Bref, le choix de fin de vie qu’on propose d’instituer est un choix biaisé. D’un côté, « mourir dans la dignité », mais à condition d’abréger significativement sa vie. De l’autre une prise en charge le plus souvent insuffisante, parfois (pour les plus âgés sans doute) plus de soins. On présuppose que la vieille (ou le vieux) veut mourir, c’est plus simple, moins cher. Je n’ose imaginer combien de malades auront l’impression que choisir d’abréger sa vie est mieux… pour les autres, les proches, la société. Je n’ose imaginer l’autre terme de l’alternative si le système de santé reste le même. Quand on devra choisir entre donner des moyens à un service qui permet à des malades de guérir ou à un service qui leur permet une fin de vie plus longue dans de bonnes conditions, que choisira-t-on ?

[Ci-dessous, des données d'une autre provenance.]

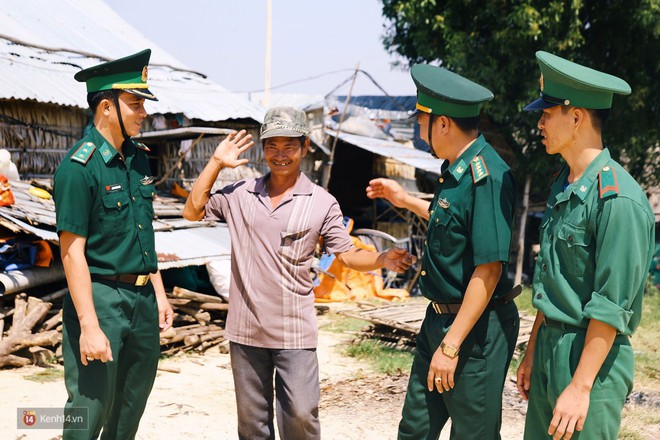 Những thầy giáo quân hàm xanh ở Vành đai biên giới Việt - Cam: Ngày tuần tra, đêm gieo chữ cho bọn trẻ không quốc tịch - Ảnh 7.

Pourtant, la possibilité du suicide assisté me paraît intellectuellement inattaquable. (L’euthanasie me paraît plus discutable : elle présuppose des directives anticipées qu’on considèrera comme valables au moment où le corps médical décidera d’abréger la vie du patient : ce qui pose le problème de l’inconscient du patient et de la permanence de validité d’un choix exclusivement conscient et hors contexte concret. Passons.) Mais, suicide assisté ou directives anticipées, dans la société actuelle, avec le système de santé qu’on continue à dégrader, la question que pose Macron n’inspire pas confiance, c'est le moins que je puisse dire.